What does TOC stand for? (Indie Publishing Glossary)


TOC stands for table of contents. 

Ebook publishing best practice is to include a hyperlinked (clickable) list of chapters in the front of your ebook manuscript. Something like this:

In ebooks, the table of contents is usually located after the title page, the copyright notice, and any other "front matter." Place your table of contents just before the first chapter. 

In ebook tables of contents, page numbers are never used. Page numbers are always used in paperback tables of contents.

Fiction paperbacks do not typically include a table of contents, but nonfiction physical books usually do.  

For fiction, you can label your chapters simply (Chapter One, Chapter Two, etc.) or give them creative names (The Ogre Returns, The Final Clue, etc.) Below is the table of contents from a short mystery by Jeffrey Shields called A Hard-Boiled Omelet:

Jeffrey chose to label his chapters as "Chapter One: The Chase," but simply labeling it "The Chase" would have worked fine. 

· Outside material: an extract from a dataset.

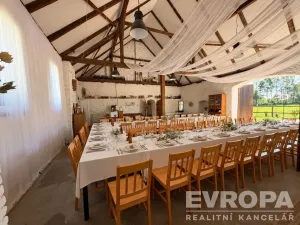Prodej komerční nemovitosti, Borovy, 500 m2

Labeling chapters with the name of the point-of-view character is a very common chapter title convention in romances written from alternating points of view. Below is the table of contents from Melanie Harlow's novel Some Sort of Crazy:  

Notice that Melanie also took advantage of her table of contents to link to her "back matter," which consists of a sneak peek of the next book in her series, a list of her other titles, a link to join her reader group, acknowledgments, and her author bio. 

Nonfiction books should be given chapter titles that indicate the subject matter covered in that chapter. Below is the table of contents from Julia Roberts' nonfiction title, Write Without the Fight

Notice that Julia also takes advantage of her table of contents to highlight her "back matter."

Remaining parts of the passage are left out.